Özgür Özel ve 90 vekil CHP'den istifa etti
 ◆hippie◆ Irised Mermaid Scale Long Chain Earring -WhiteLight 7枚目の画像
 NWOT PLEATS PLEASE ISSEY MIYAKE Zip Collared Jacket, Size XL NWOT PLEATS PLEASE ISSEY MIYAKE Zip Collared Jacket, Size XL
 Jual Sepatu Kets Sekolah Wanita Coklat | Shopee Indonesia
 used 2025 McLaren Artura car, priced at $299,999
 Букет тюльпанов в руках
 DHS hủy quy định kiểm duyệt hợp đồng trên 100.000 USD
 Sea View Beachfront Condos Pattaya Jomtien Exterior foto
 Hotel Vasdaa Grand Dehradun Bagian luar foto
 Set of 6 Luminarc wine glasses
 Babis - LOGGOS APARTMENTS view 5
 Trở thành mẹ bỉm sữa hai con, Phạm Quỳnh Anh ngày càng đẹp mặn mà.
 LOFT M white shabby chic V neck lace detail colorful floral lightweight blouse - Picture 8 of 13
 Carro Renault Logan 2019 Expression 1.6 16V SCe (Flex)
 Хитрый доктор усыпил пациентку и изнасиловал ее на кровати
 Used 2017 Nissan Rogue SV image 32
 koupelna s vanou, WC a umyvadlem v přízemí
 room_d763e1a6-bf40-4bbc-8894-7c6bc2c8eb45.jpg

•••••

> _What the exercise asks_: The records above need to be transcribed in full. Keep every character unchanged.

> _Written answer_:
Özgür Özel ve 90 vekil CHP'den istifa etti
 ◆hippie◆ Irised Mermaid Scale Long Chain Earring -WhiteLight 7枚目の画像
 NWOT PLEATS PLEASE ISSEY MIYAKE Zip Collared Jacket, Size XL NWOT PLEATS PLEASE ISSEY MIYAKE Zip Collared Jacket, Size XL
 Jual Sepatu Kets Sekolah Wanita Coklat | Shopee Indonesia
 used 2025 McLaren Artura car, priced at $299,999
 Букет тюльпанов в руках
 DHS hủy quy định kiểm duyệt hợp đồng trên 100.000 USD
 Sea View Beachfront Condos Pattaya Jomtien Exterior foto
 Hotel Vasdaa Grand Dehradun Bagian luar foto
 Set of 6 Luminarc wine glasses
 Babis - LOGGOS APARTMENTS view 5
 Trở thành mẹ bỉm sữa hai con, Phạm Quỳnh Anh ngày càng đẹp mặn mà.
 LOFT M white shabby chic V neck lace detail colorful floral lightweight blouse - Picture 8 of 13
 Carro Renault Logan 2019 Expression 1.6 16V SCe (Flex)
 Хитрый доктор усыпил пациентку и изнасиловал ее на кровати
 Used 2017 Nissan Rogue SV image 32
 koupelna s vanou, WC a umyvadlem v přízemí
 room_d763e1a6-bf40-4bbc-8894-7c6bc2c8eb45.jpg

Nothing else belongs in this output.